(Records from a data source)
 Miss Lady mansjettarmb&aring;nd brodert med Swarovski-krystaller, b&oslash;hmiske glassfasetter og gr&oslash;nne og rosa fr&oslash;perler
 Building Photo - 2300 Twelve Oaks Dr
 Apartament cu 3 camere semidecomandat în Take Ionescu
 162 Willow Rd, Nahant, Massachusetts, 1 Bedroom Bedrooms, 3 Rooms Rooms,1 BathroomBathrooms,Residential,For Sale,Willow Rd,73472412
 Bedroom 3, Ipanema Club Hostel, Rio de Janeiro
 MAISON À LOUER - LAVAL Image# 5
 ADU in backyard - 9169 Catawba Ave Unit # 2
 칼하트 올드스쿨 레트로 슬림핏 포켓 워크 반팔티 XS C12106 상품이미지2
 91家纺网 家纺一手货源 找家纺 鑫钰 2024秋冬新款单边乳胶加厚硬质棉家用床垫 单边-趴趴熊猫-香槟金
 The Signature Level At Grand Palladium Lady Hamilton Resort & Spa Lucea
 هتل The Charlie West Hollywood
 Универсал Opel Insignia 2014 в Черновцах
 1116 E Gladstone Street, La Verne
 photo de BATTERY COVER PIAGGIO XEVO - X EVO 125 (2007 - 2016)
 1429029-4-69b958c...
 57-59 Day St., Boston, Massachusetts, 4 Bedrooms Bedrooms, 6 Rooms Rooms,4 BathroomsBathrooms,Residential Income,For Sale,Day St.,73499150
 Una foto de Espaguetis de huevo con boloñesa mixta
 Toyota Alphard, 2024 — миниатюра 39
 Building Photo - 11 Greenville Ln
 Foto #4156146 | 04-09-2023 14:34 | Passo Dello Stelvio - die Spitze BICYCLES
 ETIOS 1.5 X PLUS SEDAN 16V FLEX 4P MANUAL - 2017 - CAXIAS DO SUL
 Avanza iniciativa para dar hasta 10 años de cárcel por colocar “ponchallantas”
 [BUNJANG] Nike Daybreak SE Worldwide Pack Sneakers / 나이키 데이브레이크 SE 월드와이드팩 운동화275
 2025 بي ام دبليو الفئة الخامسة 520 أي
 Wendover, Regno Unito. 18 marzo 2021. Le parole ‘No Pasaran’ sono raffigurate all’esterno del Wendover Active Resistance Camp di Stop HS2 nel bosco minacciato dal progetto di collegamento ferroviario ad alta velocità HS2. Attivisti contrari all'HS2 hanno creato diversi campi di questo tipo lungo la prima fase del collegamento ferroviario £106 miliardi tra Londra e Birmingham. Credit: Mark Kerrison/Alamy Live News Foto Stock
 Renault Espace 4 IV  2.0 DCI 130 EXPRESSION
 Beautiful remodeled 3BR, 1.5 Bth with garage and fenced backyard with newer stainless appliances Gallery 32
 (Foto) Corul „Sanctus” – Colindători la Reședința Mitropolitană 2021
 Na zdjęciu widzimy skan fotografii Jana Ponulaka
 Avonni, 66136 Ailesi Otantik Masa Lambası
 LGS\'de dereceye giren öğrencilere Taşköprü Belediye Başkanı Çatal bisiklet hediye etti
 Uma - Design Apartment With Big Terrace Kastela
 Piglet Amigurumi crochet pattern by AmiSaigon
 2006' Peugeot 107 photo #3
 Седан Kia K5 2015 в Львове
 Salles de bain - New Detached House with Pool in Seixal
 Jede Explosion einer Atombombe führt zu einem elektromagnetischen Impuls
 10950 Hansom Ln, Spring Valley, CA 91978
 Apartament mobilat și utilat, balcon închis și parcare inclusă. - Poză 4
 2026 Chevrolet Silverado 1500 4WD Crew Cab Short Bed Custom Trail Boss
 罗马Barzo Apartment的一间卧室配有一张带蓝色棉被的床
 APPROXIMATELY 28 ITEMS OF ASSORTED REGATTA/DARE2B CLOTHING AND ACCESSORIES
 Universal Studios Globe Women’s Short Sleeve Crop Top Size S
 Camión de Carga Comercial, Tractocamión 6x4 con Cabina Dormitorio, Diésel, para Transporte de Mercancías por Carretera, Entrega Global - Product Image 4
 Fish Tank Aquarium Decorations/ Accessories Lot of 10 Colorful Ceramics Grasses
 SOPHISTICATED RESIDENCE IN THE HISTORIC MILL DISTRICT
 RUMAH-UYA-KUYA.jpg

Assignment: Without changing a single word, reproduce the entries above.

Answer to this exercise:
 Miss Lady mansjettarmb&aring;nd brodert med Swarovski-krystaller, b&oslash;hmiske glassfasetter og gr&oslash;nne og rosa fr&oslash;perler
 Building Photo - 2300 Twelve Oaks Dr
 Apartament cu 3 camere semidecomandat în Take Ionescu
 162 Willow Rd, Nahant, Massachusetts, 1 Bedroom Bedrooms, 3 Rooms Rooms,1 BathroomBathrooms,Residential,For Sale,Willow Rd,73472412
 Bedroom 3, Ipanema Club Hostel, Rio de Janeiro
 MAISON À LOUER - LAVAL Image# 5
 ADU in backyard - 9169 Catawba Ave Unit # 2
 칼하트 올드스쿨 레트로 슬림핏 포켓 워크 반팔티 XS C12106 상품이미지2
 91家纺网 家纺一手货源 找家纺 鑫钰 2024秋冬新款单边乳胶加厚硬质棉家用床垫 单边-趴趴熊猫-香槟金
 The Signature Level At Grand Palladium Lady Hamilton Resort & Spa Lucea
 هتل The Charlie West Hollywood
 Универсал Opel Insignia 2014 в Черновцах
 1116 E Gladstone Street, La Verne
 photo de BATTERY COVER PIAGGIO XEVO - X EVO 125 (2007 - 2016)
 1429029-4-69b958c...
 57-59 Day St., Boston, Massachusetts, 4 Bedrooms Bedrooms, 6 Rooms Rooms,4 BathroomsBathrooms,Residential Income,For Sale,Day St.,73499150
 Una foto de Espaguetis de huevo con boloñesa mixta
 Toyota Alphard, 2024 — миниатюра 39
 Building Photo - 11 Greenville Ln
 Foto #4156146 | 04-09-2023 14:34 | Passo Dello Stelvio - die Spitze BICYCLES
 ETIOS 1.5 X PLUS SEDAN 16V FLEX 4P MANUAL - 2017 - CAXIAS DO SUL
 Avanza iniciativa para dar hasta 10 años de cárcel por colocar “ponchallantas”
 [BUNJANG] Nike Daybreak SE Worldwide Pack Sneakers / 나이키 데이브레이크 SE 월드와이드팩 운동화275
 2025 بي ام دبليو الفئة الخامسة 520 أي
 Wendover, Regno Unito. 18 marzo 2021. Le parole ‘No Pasaran’ sono raffigurate all’esterno del Wendover Active Resistance Camp di Stop HS2 nel bosco minacciato dal progetto di collegamento ferroviario ad alta velocità HS2. Attivisti contrari all'HS2 hanno creato diversi campi di questo tipo lungo la prima fase del collegamento ferroviario £106 miliardi tra Londra e Birmingham. Credit: Mark Kerrison/Alamy Live News Foto Stock
 Renault Espace 4 IV  2.0 DCI 130 EXPRESSION
 Beautiful remodeled 3BR, 1.5 Bth with garage and fenced backyard with newer stainless appliances Gallery 32
 (Foto) Corul „Sanctus” – Colindători la Reședința Mitropolitană 2021
 Na zdjęciu widzimy skan fotografii Jana Ponulaka
 Avonni, 66136 Ailesi Otantik Masa Lambası
 LGS\'de dereceye giren öğrencilere Taşköprü Belediye Başkanı Çatal bisiklet hediye etti
 Uma - Design Apartment With Big Terrace Kastela
 Piglet Amigurumi crochet pattern by AmiSaigon
 2006' Peugeot 107 photo #3
 Седан Kia K5 2015 в Львове
 Salles de bain - New Detached House with Pool in Seixal
 Jede Explosion einer Atombombe führt zu einem elektromagnetischen Impuls
 10950 Hansom Ln, Spring Valley, CA 91978
 Apartament mobilat și utilat, balcon închis și parcare inclusă. - Poză 4
 2026 Chevrolet Silverado 1500 4WD Crew Cab Short Bed Custom Trail Boss
 罗马Barzo Apartment的一间卧室配有一张带蓝色棉被的床
 APPROXIMATELY 28 ITEMS OF ASSORTED REGATTA/DARE2B CLOTHING AND ACCESSORIES
 Universal Studios Globe Women’s Short Sleeve Crop Top Size S
 Camión de Carga Comercial, Tractocamión 6x4 con Cabina Dormitorio, Diésel, para Transporte de Mercancías por Carretera, Entrega Global - Product Image 4
 Fish Tank Aquarium Decorations/ Accessories Lot of 10 Colorful Ceramics Grasses
 SOPHISTICATED RESIDENCE IN THE HISTORIC MILL DISTRICT
 RUMAH-UYA-KUYA.jpg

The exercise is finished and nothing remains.